VCD aktiv 5/2021
VCD-Aktivenportrait
Der Mann mit dem Goldhelm
Falko Stolp, Vorsitzender des VCD Erfurt, ist in der Stadt bekannt. Wegen seines Engagements – und seines Fahrradhelms.
Bei Sauwetter schlossen die Schülerinnen und Schüler Wetten ab: Kommt ihr Schulleiter heute mit dem Fahrrad zur Schule? „Meine Frau fragte manchmal: ‚Wirklich, bei dem Wetter mit dem Fahrrad?‘ Meine Antwort: ‚Klar, meine Schüler warten darauf‘“, sagt Falko Stolp und lacht. Der 65-Jährige ist dieses Jahr nach 40 Berufsjahren in den Ruhestand gegangen. 30 Jahre davon arbeitete er als Schulleiter, zuletzt in Erfurt. Seit 2006 ist er Vorsitzender des VCD Erfurt. Ehrenamtliches und berufliches Engagement verbindet Stolp: „Nachhaltige Mobilität muss in vielen Unterrichtsfächern immer wieder behandelt werden“, sagt er.
Stolp setzt sich dafür ein, dass das Thema an Schulen eine wichtige Rolle spielt. Mit Schulklassen nahm er jedes Jahr an der VCD-Kampagne „FahrRad! Fürs Klima auf Tour“ teil: Kinder und Jugendliche radeln, sammeln dabei Kilometer, lösen Rätsel und können Preise gewinnen. Kurz vor seinem Ruhestand holte Stolp gemeinsam mit Kolleg*innen und Schüler*innen für seine Schule die Auszeichnung „Deutschlands fahrradfreundlichste Schule“ – verliehen von der Initiative „Aktion Fahrrad“. Die engagiert sich dafür, dass Kinder Rad fahren.

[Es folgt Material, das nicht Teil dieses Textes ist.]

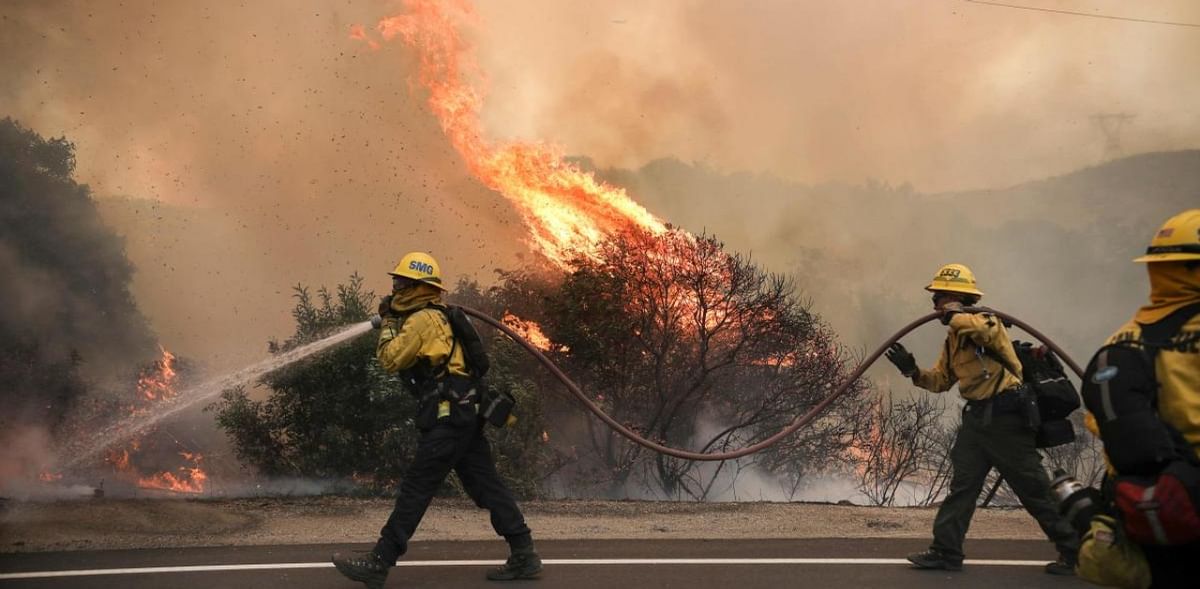 Firework at gender reveal party triggers California fires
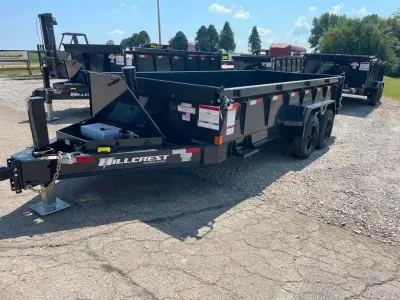 2027 Hillcrest Trailers 7X16 17.6K GVW Telescopic Hydro Jack Dump (0928)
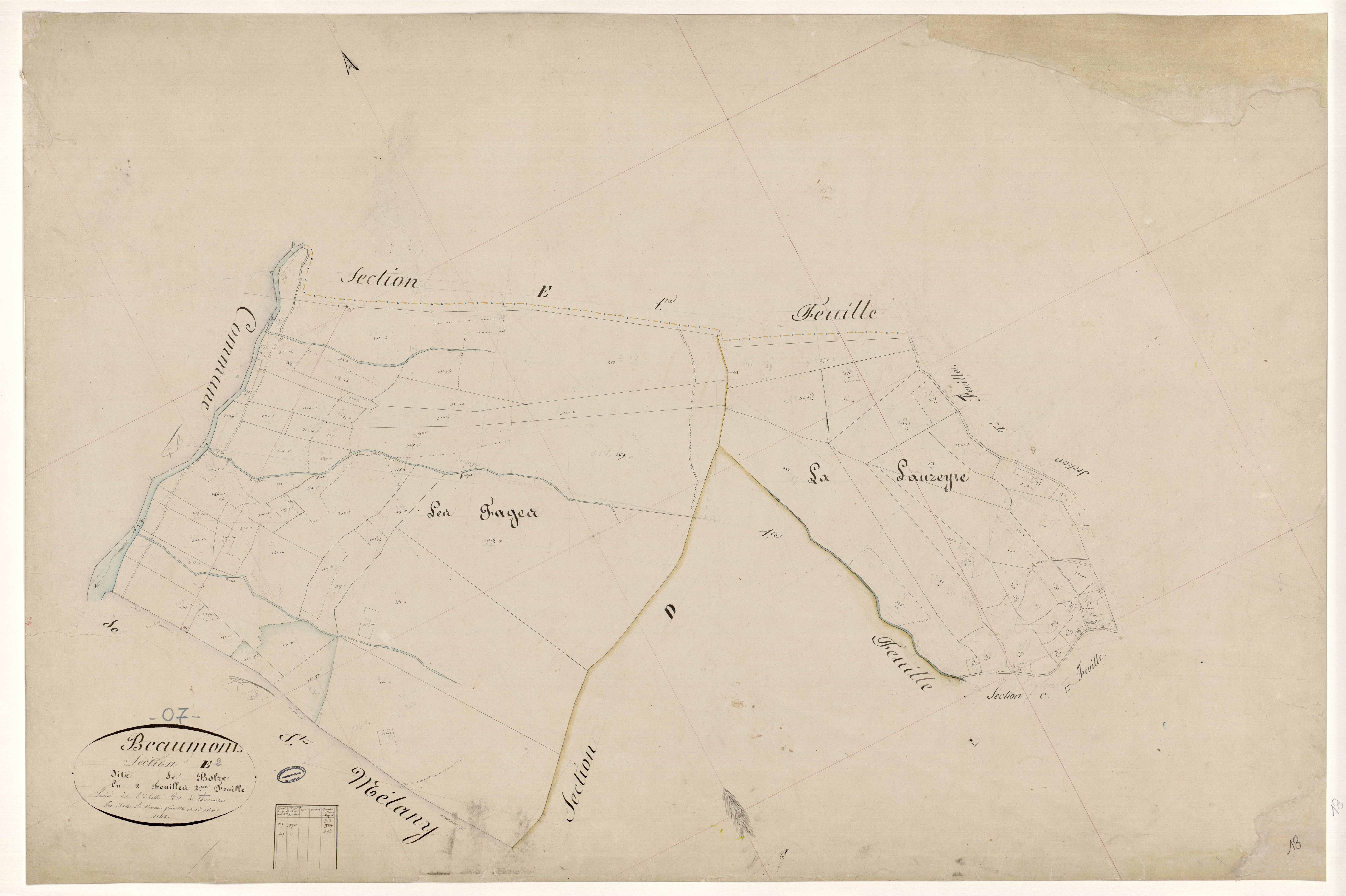 Beaumont - Section E - Feuillet 2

Stolp wuchs in der ehemaligen DDR auf. Schon damals waren ihm Umweltschutz und Radverkehr wichtig. Nach der Wende engagierte er sich in einer Bürgerinitiative, anschließend war er zehn Jahre lang Kreisfraktionsvorsitzender bei den Grünen. Seit Anfang der 2000er Jahre ist Stolp im VCD aktiv. Das sei der richtige Verband für sein weiteres Herzensanliegen, so Stolp: Die Stadt soll Lebensraum für Menschen sein, nicht Raum für Autos. Um das zu erreichen, organisieren der VCD Erfurt und weitere Verbände seit sieben Jahren die Europäische Mobilitätswoche in der Stadt. „Wir halten die Aktion aufrecht und gehen den Politikern im Stadtrat auf den Geist, um finanzielle Unterstützung zu bekommen“, sagt Stolp.
Mit Mut auffallen
Außerdem setzt Stolp Aktionen der bundesweiten VCD-Kampagne „Straßen für Menschen“ in Erfurt mit um, beispielsweise auf der diesjährigen Bundesgartenschau. Von April bis Oktober verwandelten die Aktiven einen Parkplatz in ein Kinderzimmer und informierten über nachhaltige Mobilität. Das Zimmer machte deutlich, wie viel Platz ein Auto verbraucht. „Der VCD ist durch solche Aktionen in Erfurt bekannter geworden“, sagt Stolp. Er selbst kennt mittlerweile viele Menschen durch sein VCD-Engagement und seinen Job: Eltern, Verwaltungsmitarbeitende, Politiker*innen aus Stadt, Land und EU, Journalist*innen. Ihn erkennen viele Erfurter außerdem an seinem Markenzeichen: „Ich bin ,Der vom VCD mit dem Goldhelm‘. Man muss Mut haben, dann wird man belächelt oder bewundert – auf jeden Fall fällt man auf.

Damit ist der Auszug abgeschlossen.